The groundwork had – literally – been laid for its arrival in the preceding months, as the factory floor had been reconfigured to make space for the new arrival. With the footings prepared, the way was clear for installation to begin.
So, on a rainy morning in June, there was much excitement as the Dorries Scharmann engineers arrived on-site, followed by a fleet of wagons, delivering the first parts of the machinery to site.
Work will continue for the forthcoming weeks and months as the machine centre is assembled, tested and calibrated before being officially handed over to Lynn Mowbray, Operations Director at KKI. On- and off-site training for operatives will then begin, with full production expected to commence in September 2012.
The machining centre will transform the way in which valves are manufactured at Koso Kent Introl. For a start, it is able to combine turning and drilling functions, and can accommodate much larger valves than previous machines. Most importantly, it will allow for much more efficient production techniques, enabling more flexible manpower planning and therefore delivering significant productivity gains.
These operational benefits will add to those already being enjoyed as a result of the installation of another new machine in 2011. The Mazak Integrex 200-4T is already proving its worth, reducing set-up and tooling time, and creating greater capacity and contingency.

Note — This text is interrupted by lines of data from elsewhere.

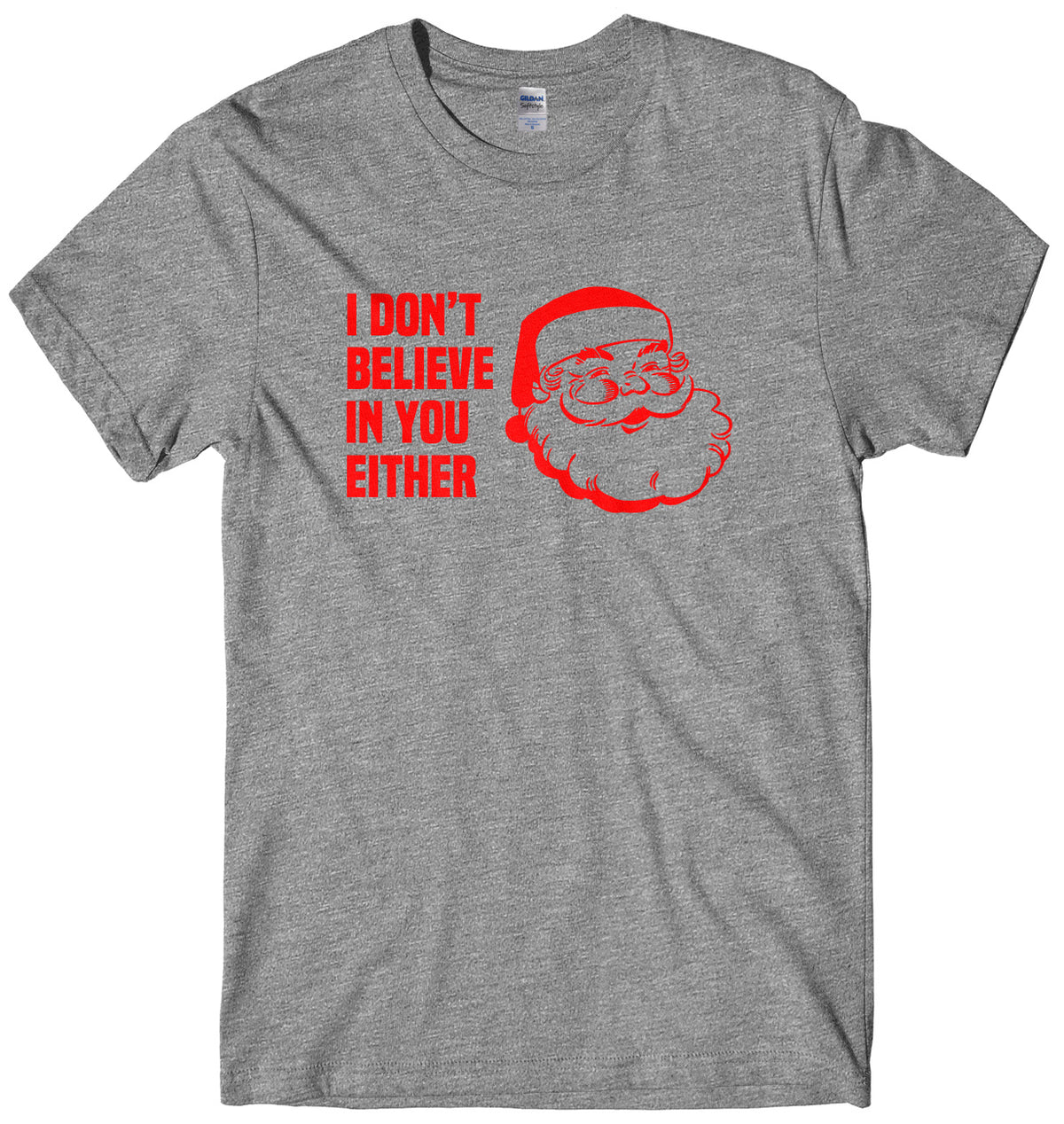 I Don&#39;t Believe In You Either Mens Unisex Christmas T-Shirt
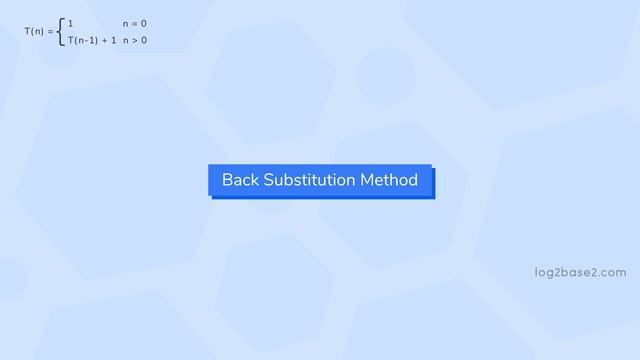 3_Recurrence_Relation_3_Tn_=_Tn_1_+_1_Recursion_Tree_&_Back_Substitution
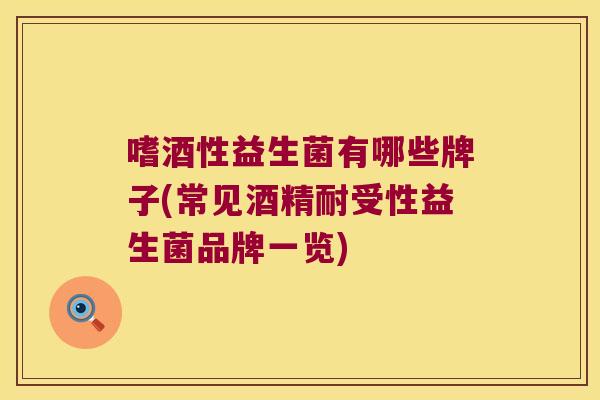 嗜酒性益生菌有哪些牌子(常见酒精耐受性益生菌品牌一览)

Commenting on the benefits that the new machines will bring, Lynn Mowbray said:
“They are going to make a huge difference to our operational capability; especially for some of our high profile forthcoming projects for key customers. They will help us with our aim to keep all our production in-house, thus maintaining absolute standards of quality.
“In the context of the company’s ongoing continuous improvement programme, this will help us to be at the forefront of manufacturing and engineering in our industry. We’re aiming for world-class practices in every aspect of what we do. It’s a very exciting time, and we’re looking forward to reaping the benefits.”